- Problem statement: Nothing outside the range is wanted. Repeat exactly the lines below from the one with "Louis Vuitton Monogram" through the one with "- #1 Hublot".

- Material shown:
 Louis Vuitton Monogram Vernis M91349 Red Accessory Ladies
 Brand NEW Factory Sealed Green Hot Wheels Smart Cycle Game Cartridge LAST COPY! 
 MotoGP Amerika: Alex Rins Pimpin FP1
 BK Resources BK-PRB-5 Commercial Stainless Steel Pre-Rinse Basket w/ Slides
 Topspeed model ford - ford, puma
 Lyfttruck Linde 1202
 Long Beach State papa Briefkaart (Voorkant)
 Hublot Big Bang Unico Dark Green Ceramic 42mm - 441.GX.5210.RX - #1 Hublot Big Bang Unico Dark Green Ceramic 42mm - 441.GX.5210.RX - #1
---
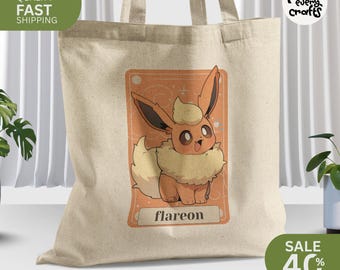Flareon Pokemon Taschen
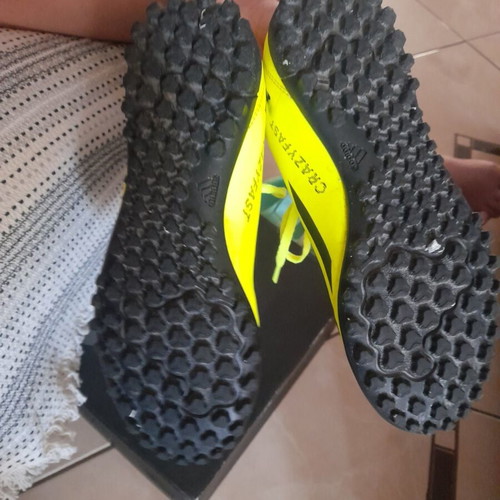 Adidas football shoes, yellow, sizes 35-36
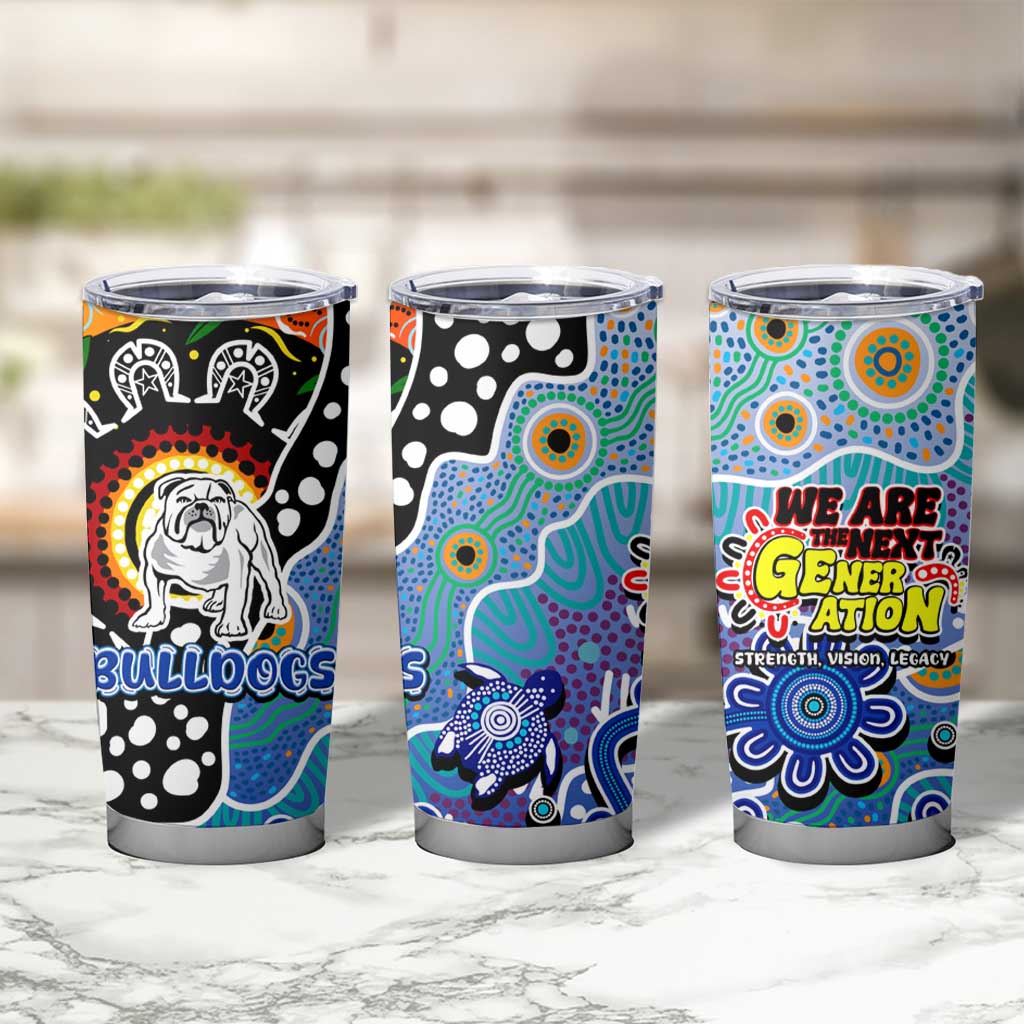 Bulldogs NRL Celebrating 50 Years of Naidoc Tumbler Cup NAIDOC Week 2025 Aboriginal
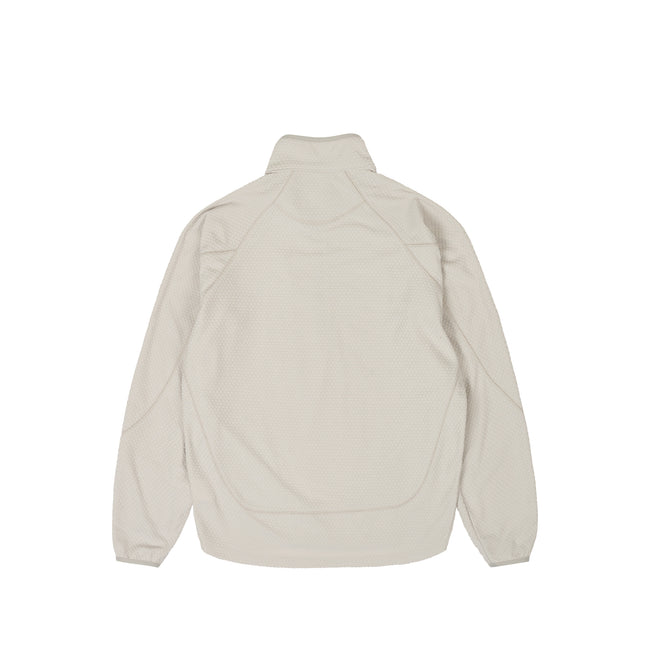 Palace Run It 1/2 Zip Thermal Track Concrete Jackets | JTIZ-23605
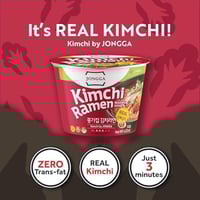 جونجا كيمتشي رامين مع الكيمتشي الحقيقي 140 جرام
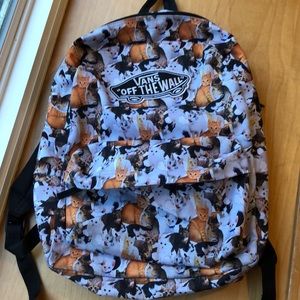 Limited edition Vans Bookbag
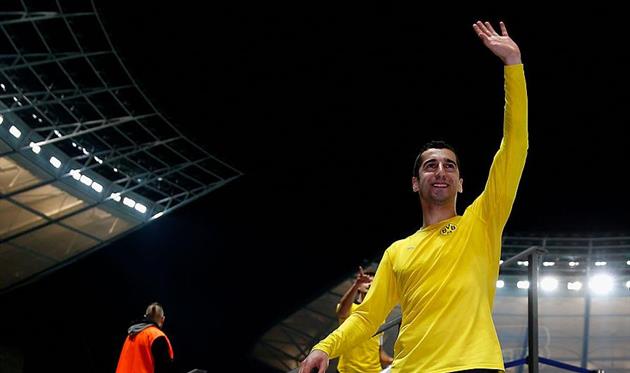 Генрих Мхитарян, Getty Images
---
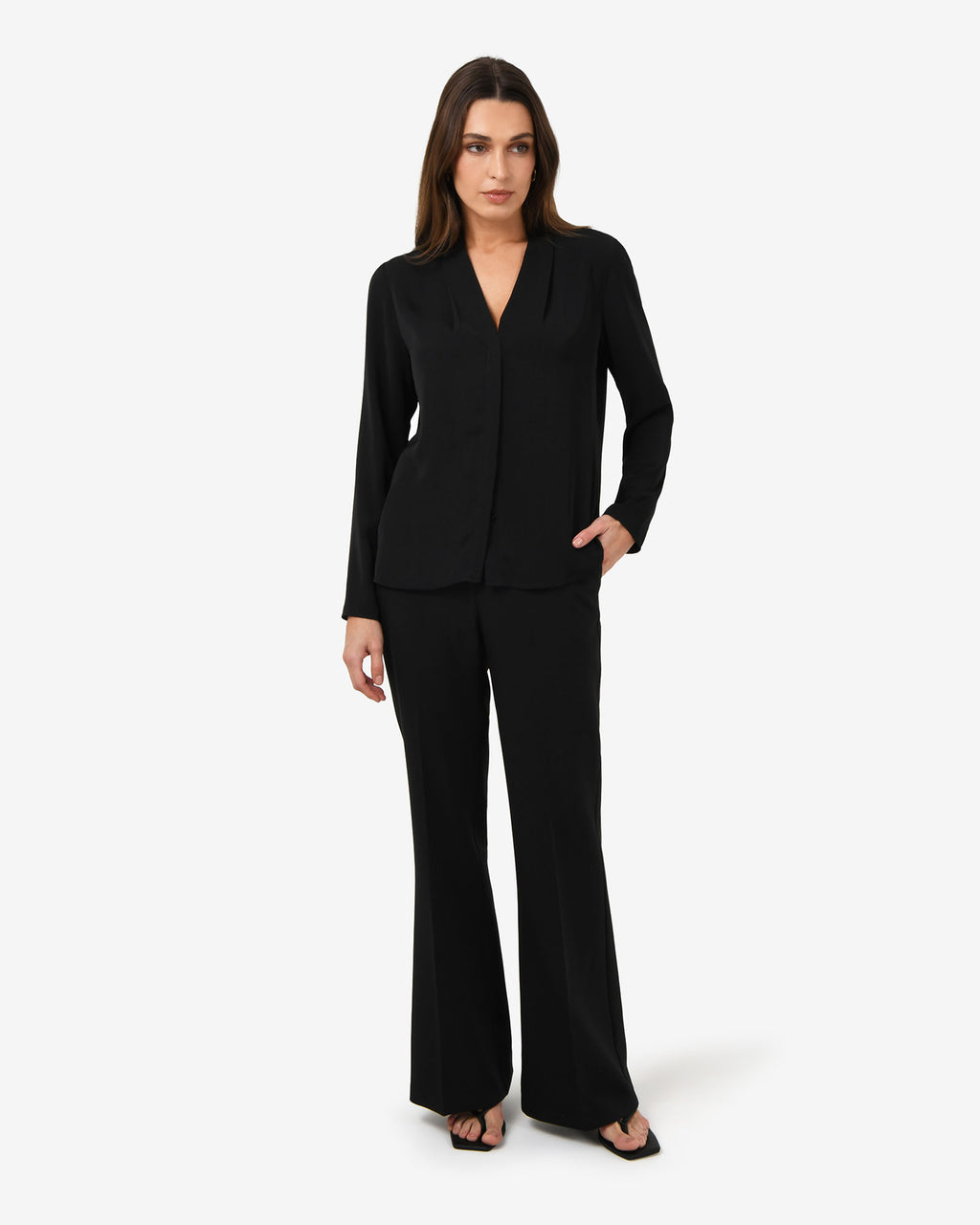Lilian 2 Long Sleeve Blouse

- Output of the exercise:
 Louis Vuitton Monogram Vernis M91349 Red Accessory Ladies
 Brand NEW Factory Sealed Green Hot Wheels Smart Cycle Game Cartridge LAST COPY! 
 MotoGP Amerika: Alex Rins Pimpin FP1
 BK Resources BK-PRB-5 Commercial Stainless Steel Pre-Rinse Basket w/ Slides
 Topspeed model ford - ford, puma
 Lyfttruck Linde 1202
 Long Beach State papa Briefkaart (Voorkant)
 Hublot Big Bang Unico Dark Green Ceramic 42mm - 441.GX.5210.RX - #1 Hublot Big Bang Unico Dark Green Ceramic 42mm - 441.GX.5210.RX - #1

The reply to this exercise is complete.